Court Opinion

ID: 2958338
Source: CourtListenerOpinion
Date Created: 2015-09-17 03:02:17.042678+00
Date Added: 2024-06-11T15:00:49.350681
License: Public Domain

TEXAS COURT OF APPEALS, THIRD DISTRICT, AT AUSTIN

                                         NO. 03-13-00593-CV

                                     Bridgett Henties, Appellant

                                                    v.

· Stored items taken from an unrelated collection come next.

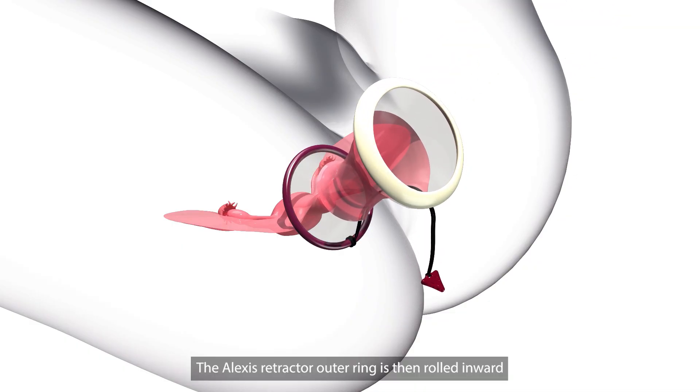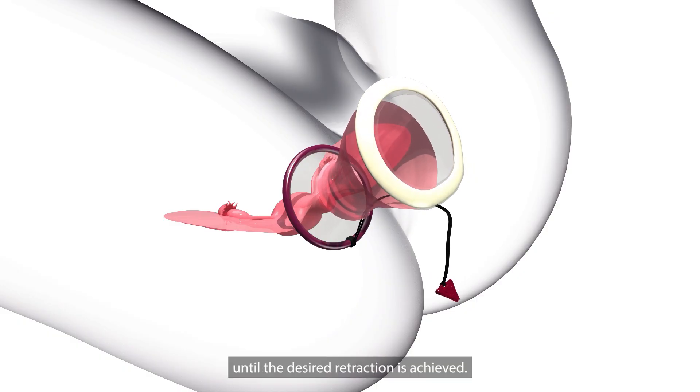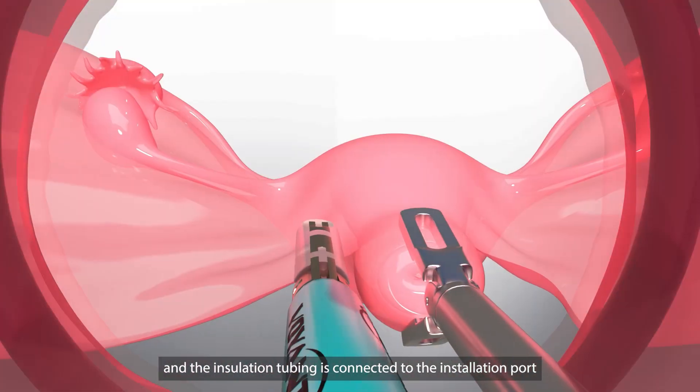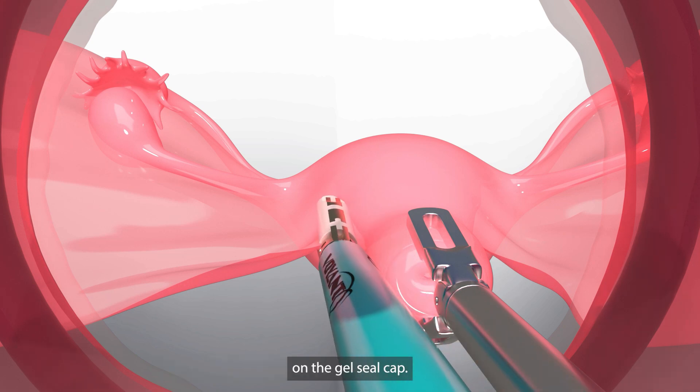The Alexis retractor outer ring is then rolled inward until the desired retraction is achieved. The gel seal cap is secured to the Alexis retractor by closing the lever, and the insufflation tubing is connected to the insufflation port on the gel seal cap.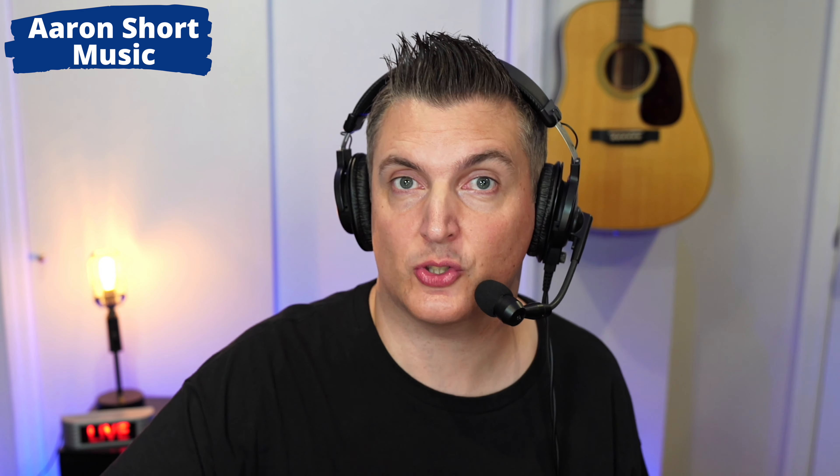I really liked the look of it and I thought, well, this is an OM. I like small body guitars for stage, and this guitar had the Fishman Gold Plus in it. So I'm thinking I could gig with it straight away, or at the very least I'd be able to replace that pickup with something else. It's also got the strap button installed, which many Martins don't have.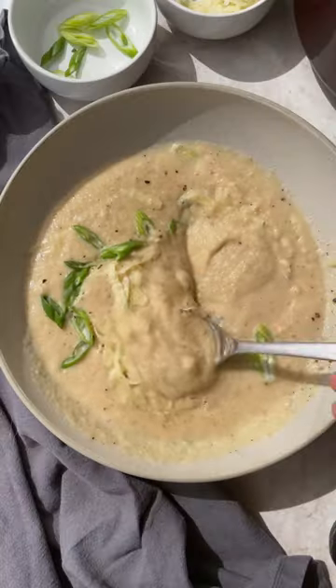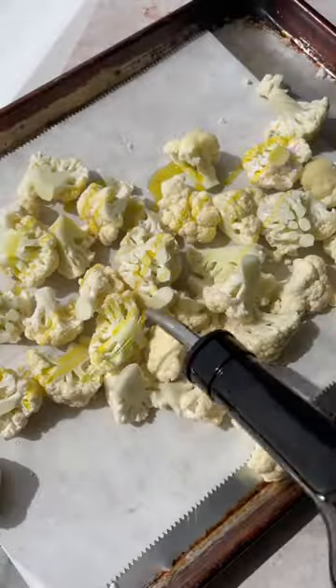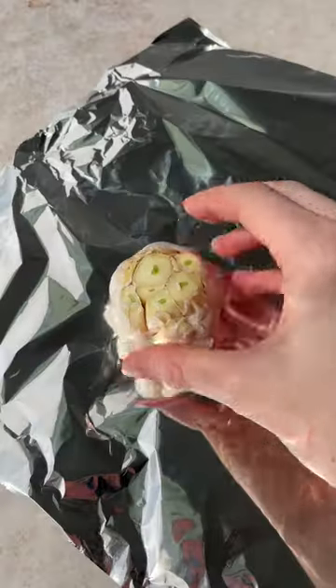This is the recipe I love to make when I find a head of cauliflower lurking in the back of my fridge that needs to be used up. So this is my roasted garlic cauliflower soup.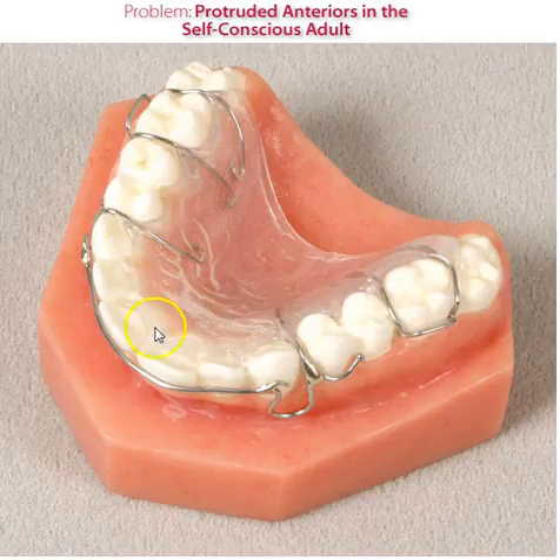The acrylic will need to be adjusted periodically to allow those teeth to respond to the pressure and move lingually. The labial bow can also be adjusted to keep pace with movement, closing these omega loops to retract the bow.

    James Schweppe, Administrator for the Estate of Michael L. Henties, Deceased, and
               Trustee of the Michael L. Henties Estate Trust, Appellee

     FROM THE DISTRICT COURT OF COMAL COUNTY, 433RD JUDICIAL DISTRICT
          NO. C2011-0810D, HONORABLE DIB WALDRIP, JUDGE PRESIDING

                              MEMORANDUM OPINION

                The disputed issue in this appeal is the ownership of a piece of real property (the

Property) located in Comal County, Texas. After James Schweppe, as administrator of the Estate

of Michael L. Henties and as trustee of the Michael L. Henties Estate Trust (the Estate), filed a notice

of lis pendens giving notice of a potential dispute over ownership of the Property, Bridgett Henties

filed suit in district court seeking a declaration that she owned the property in fee simple. In her suit,

she asserted causes of action for trespass to try title, to quiet title, and for breach of contract against

the Estate. The Estate filed counter-claims for declaratory relief and for damages pursuant to the

Theft Liability Act. After a bench trial, the court rendered judgment for the Estate. Bridgett1

perfected this appeal and in six issues challenges the trial court’s judgment. Most of her six issues

        1
         Because Bridgett Henties and Michael Henties share a surname, for clarity we will refer
to them by their given names.
reduce in essence to legal and factual sufficiency challenges to the trial court’s judgment. We

will affirm.

                     FACTUAL AND PROCEDURAL BACKGROUND

               Bridgett and Michael married in 2002 and resided in Cincinnati, Ohio.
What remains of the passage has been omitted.